Operators must measure suicidal ideation using evidence-based methods, but are prohibited from reporting any user identifiers or personal information.
How can GD help?
If you have any questions regarding this client alert, or your company needs assistance with this topic, including practical guidance and hands-on support for conducting a readiness assessment or preparing an implementation roadmap tailored to your chatbot/AI-interaction systems, please reach out to your Gunderson Dettmer attorney or contact any member of our Strategic Transactions & Licensing Group.
[1] While SB 243 does not redefine the term “person,” California typically interprets the term broadly to include both individuals and legal entities. As a result, an “operator” may be either a company or an individual making a companion chatbot available in California, though in practice this will mostly be the entity. Note, however, plaintiffs may pair SB 243 claims with the state’s Unfair Competition Law, which can expose officers, directors, or employees to personal liability if they personally participate in, authorize, or direct conduct giving rise to a violation of SB 243.

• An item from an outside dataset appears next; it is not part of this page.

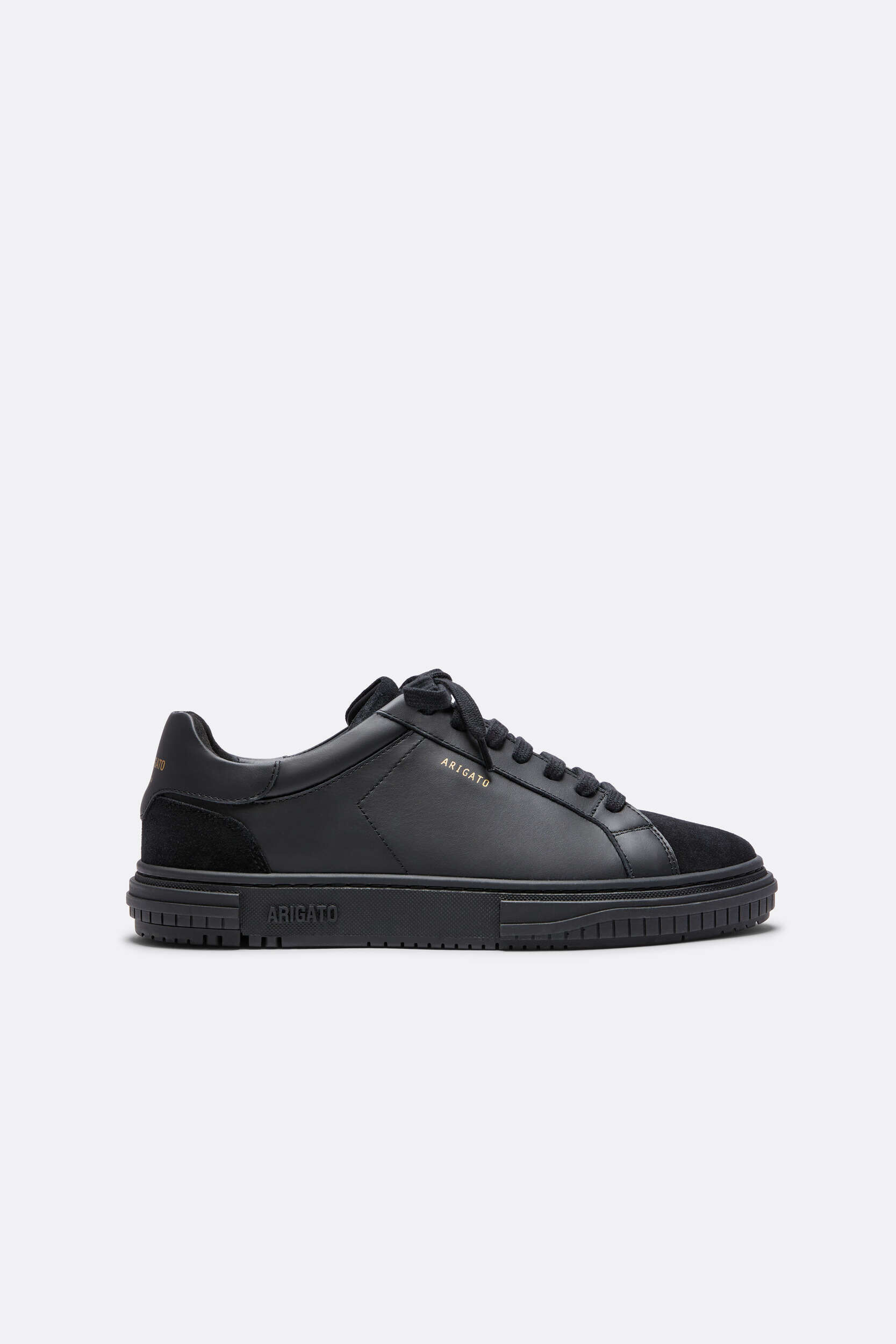 A single black low-top sneaker from Axel Arigato, featuring smooth leather and suede panels. The 'ARIGATO' logo is visible in gold on the side and embossed on the black rubber sole. The shoe has black laces and a chunky black sole with textured details, set against a plain light grey background.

[2] This AI disclosure requirement is in addition to California’s existing SB 1001 Bot Disclosure Law (“SB 1001”), which requires companies to clearly disclose when a user is interacting with a bot used to “knowingly deceive” a person for the purpose of incentivizing a commercial sale or influencing a vote in an election. As defined under SB 1001, a “bot” is an “automated online account where all or substantially all of the actions or posts of that account are not the result of a person.”